• [WORK ORDER]
Your copy of the listing should be exact and should contain no pictures.

• [INFORMATION SHOWN]
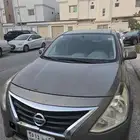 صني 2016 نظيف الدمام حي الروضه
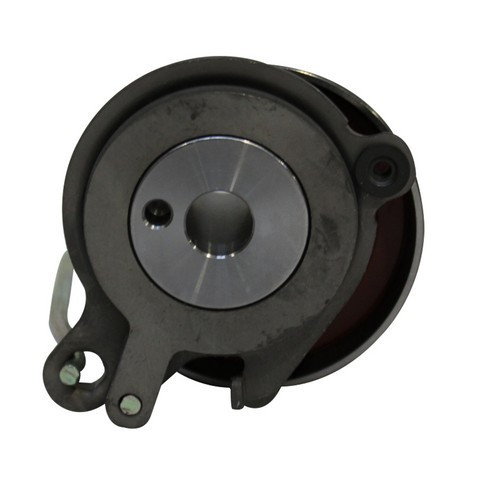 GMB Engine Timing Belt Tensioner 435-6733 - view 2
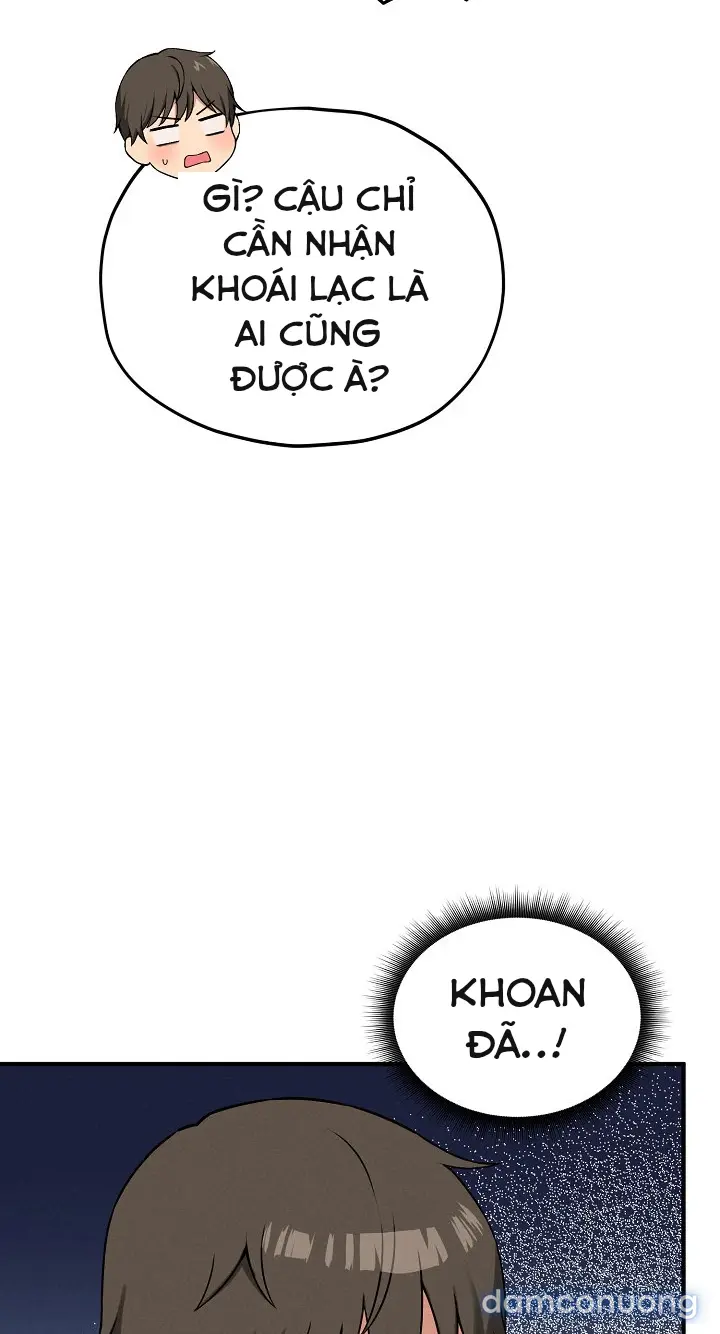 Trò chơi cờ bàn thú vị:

• [THE COMPLETED TASK]
 صني 2016 نظيف الدمام حي الروضه
 GMB Engine Timing Belt Tensioner 435-6733 - view 2
 Trò chơi cờ bàn thú vị:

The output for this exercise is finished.